During exercise, sweat output often exceeds water intake, producing a body water deficit (hypohydration). Exercise performance can be compromised by a body water deficit, particularly when exercise is performed in hot climates. It is recommended that individuals begin exercise when adequately hydrated. This can be facilitated by  drinking 400 mL to 600 mL of fluid 2 hours before beginning exercise and drinking sufficient fluid during exercise to prevent dehydration from exceeding 2% body weight. A practical recommendation is to drink small amounts of fluid (150-300 mL) every 15 to 20 minutes of exercise (Latzka WA, et al. Water and electrolyte requirements for exercise. Clin Sports Med. 1999 Jul;18(3):513-24) For athletes performing high-intensity exercise in the heat, sweating rates of 1.0–2.5 L/h are common and this needs to be replaced.
Our electrolyte concentration in the body is controlled by a variety of hormones; these are mostly found in the kidney and the adrenal glands.
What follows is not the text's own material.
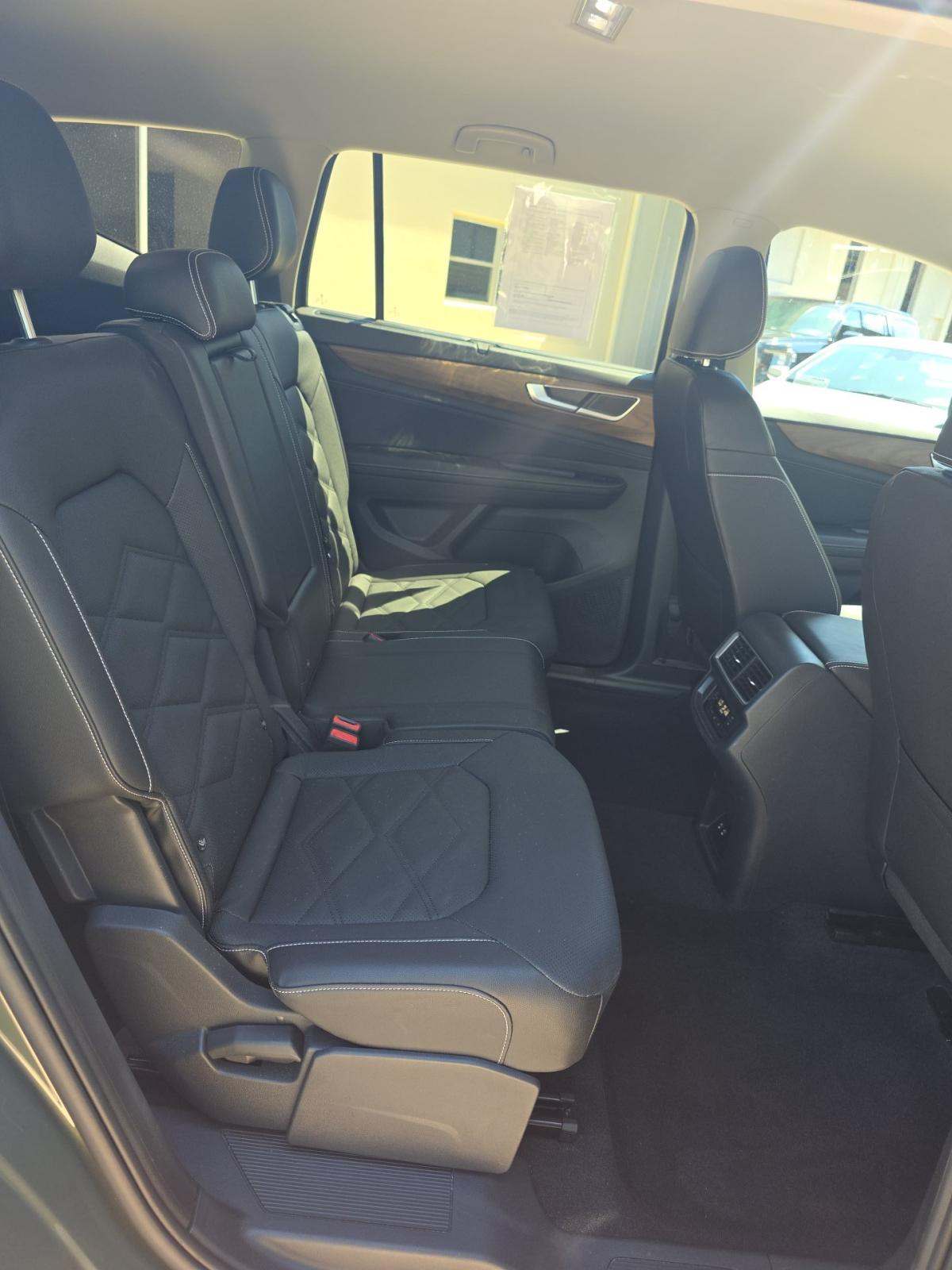 2026 Volkswagen Atlas 2.0T SE FWD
And these specialized kidney cells monitor the amount of sodium, potassium, and water in the bloodstream The main electrolytes exist in the form of calcium, chlorine, magnesium, phosphate, potassium, and sodium that can be obtained from fluids, supplements, and foods. Sodium, Potassium and Magnesium are vital, and combined with glucose and water is an essential supplement (drink) to any serious athlete who is pushing themselves to the point of exhaustion.
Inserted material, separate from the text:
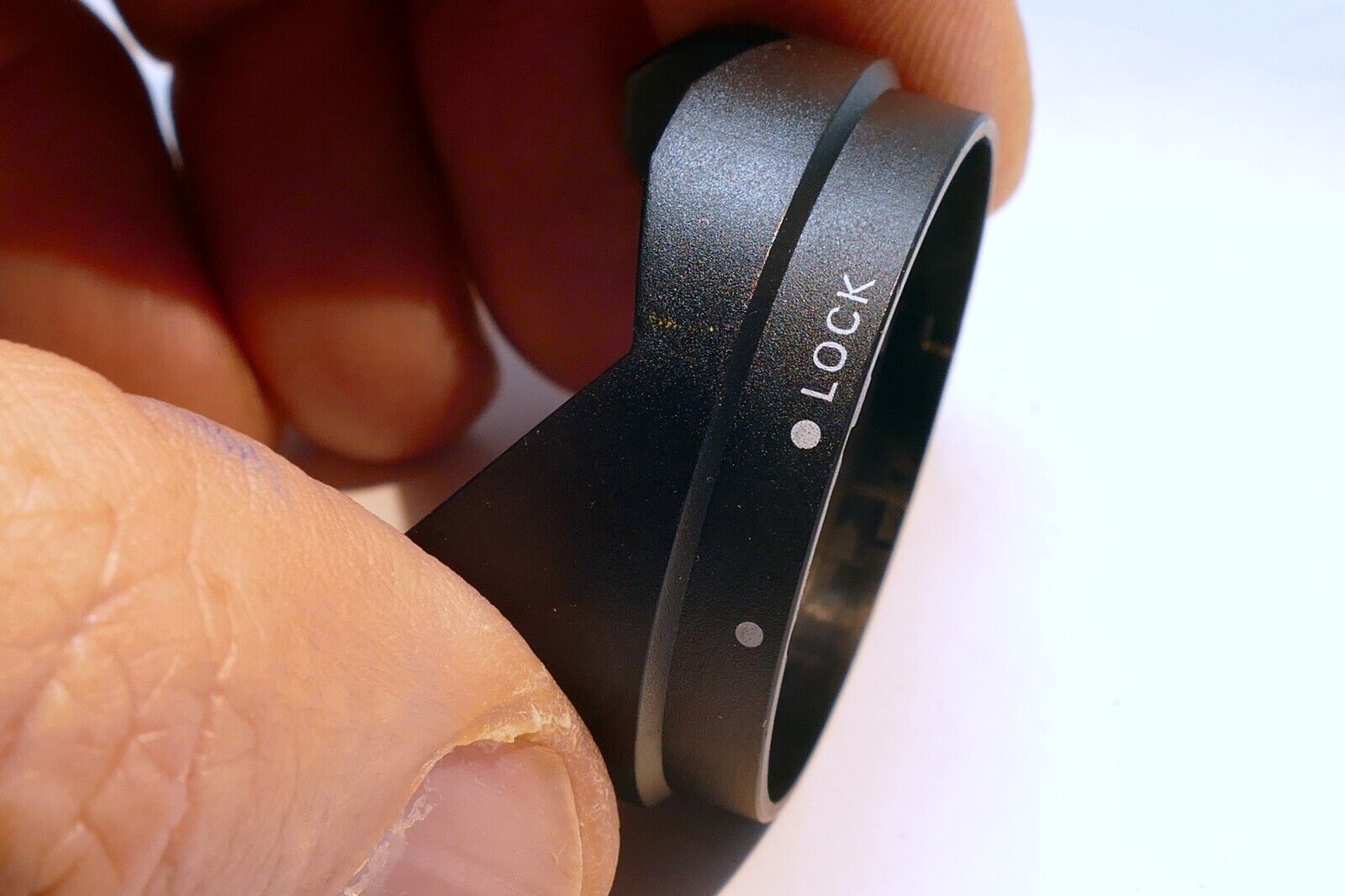 34mm ID Lens Hood Shade plastic twist on type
 When exercising at extreme levels over time these electrolytes are lost in sweat and exhaled breathing. Sodium chloride is the primary electrolyte in sweat, with potassium, calcium, and magnesium present in smaller amounts. If not replaced an imbalance can cause muscle spasms, kidney failure and cardiac arrhythmias that can lead to coma and death.

Prevention is the answer. always replace loss water and electrolytes.